■ Dataset content:
┏━━

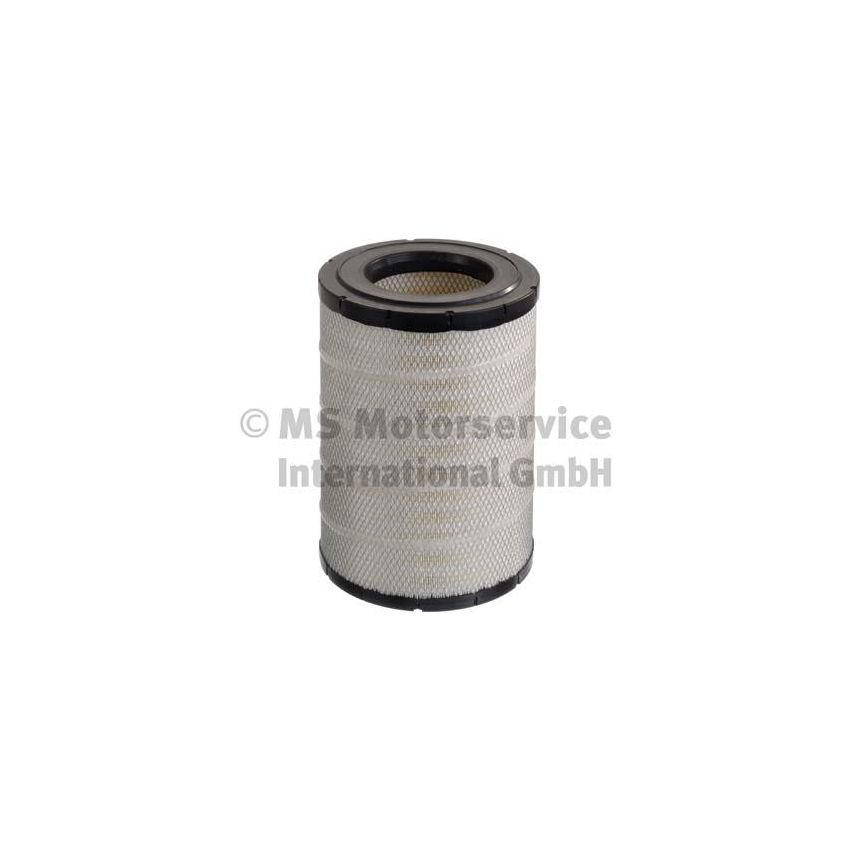 FILTR POWIETRZA KOLBENSCHMIDT 50013522 SCANIA DC11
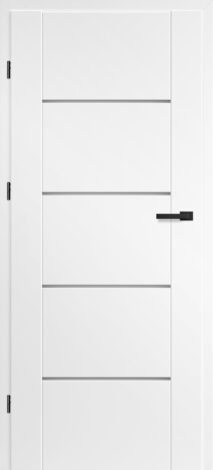 laurencja-bialy-premium-1-scaled-1-213x470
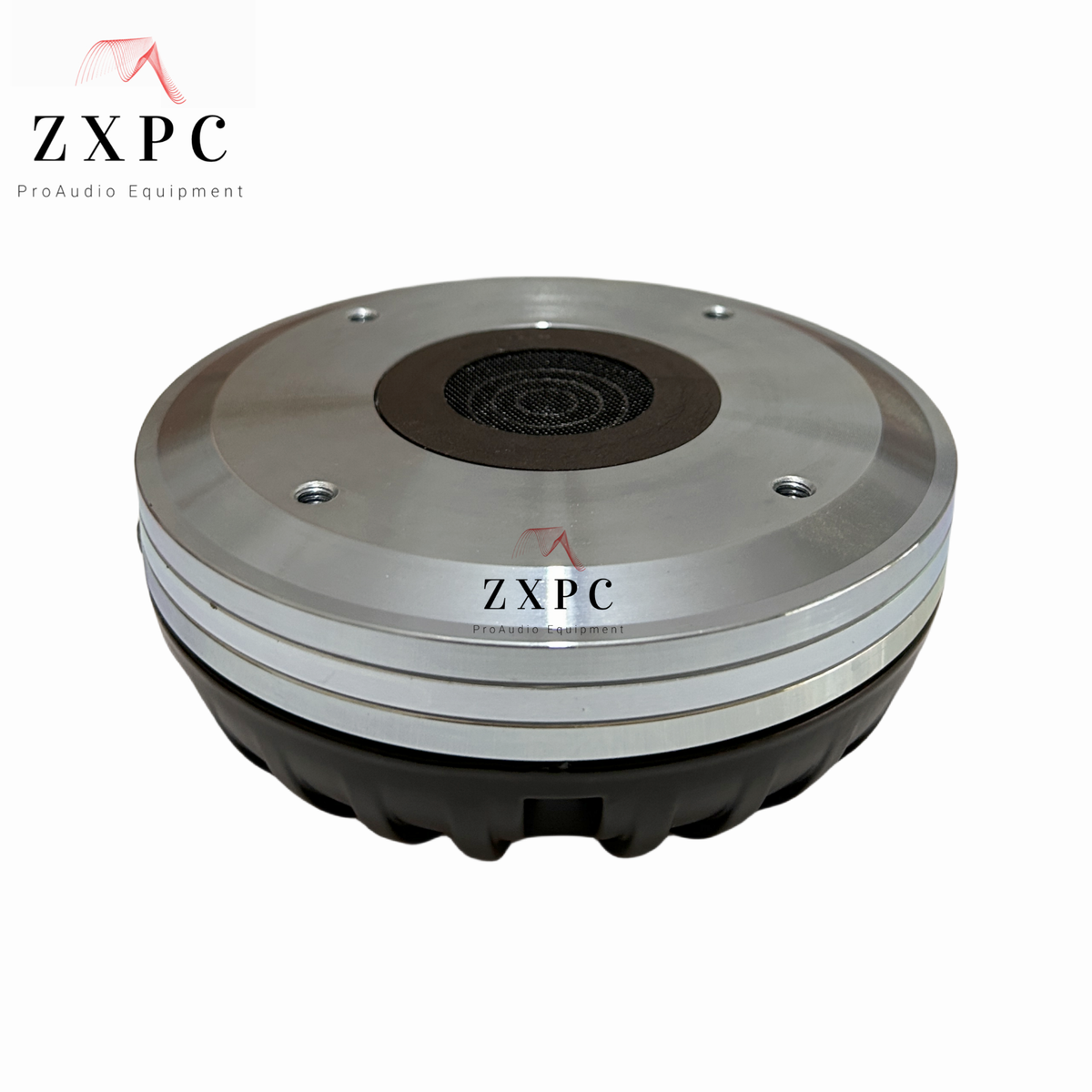 Replacement Aftermarket RCF ND940 Neodymium Driver 1.4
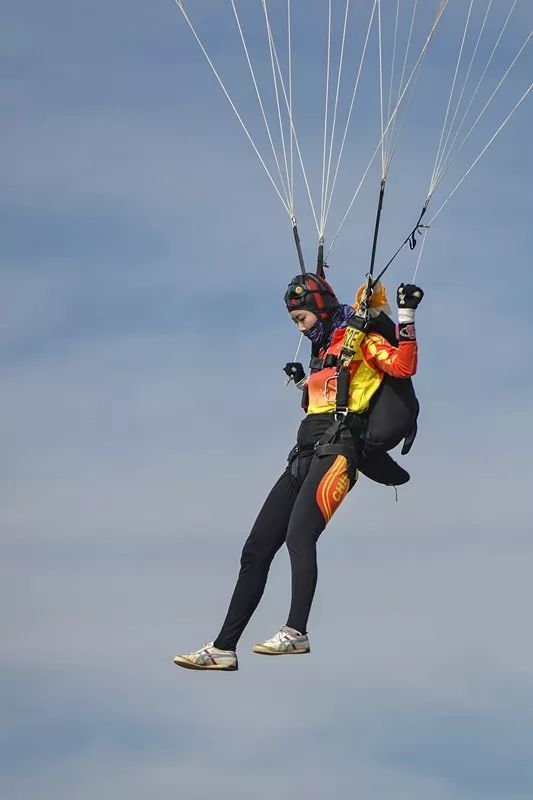 武汉军运会朋友圈,朋友圈看军运会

┗━━

■ Directions: Word for word, reproduce the listing above; no image should be carried over.

■ Task result:
 FILTR POWIETRZA KOLBENSCHMIDT 50013522 SCANIA DC11
 laurencja-bialy-premium-1-scaled-1-213x470
 Replacement Aftermarket RCF ND940 Neodymium Driver 1.4
 武汉军运会朋友圈,朋友圈看军运会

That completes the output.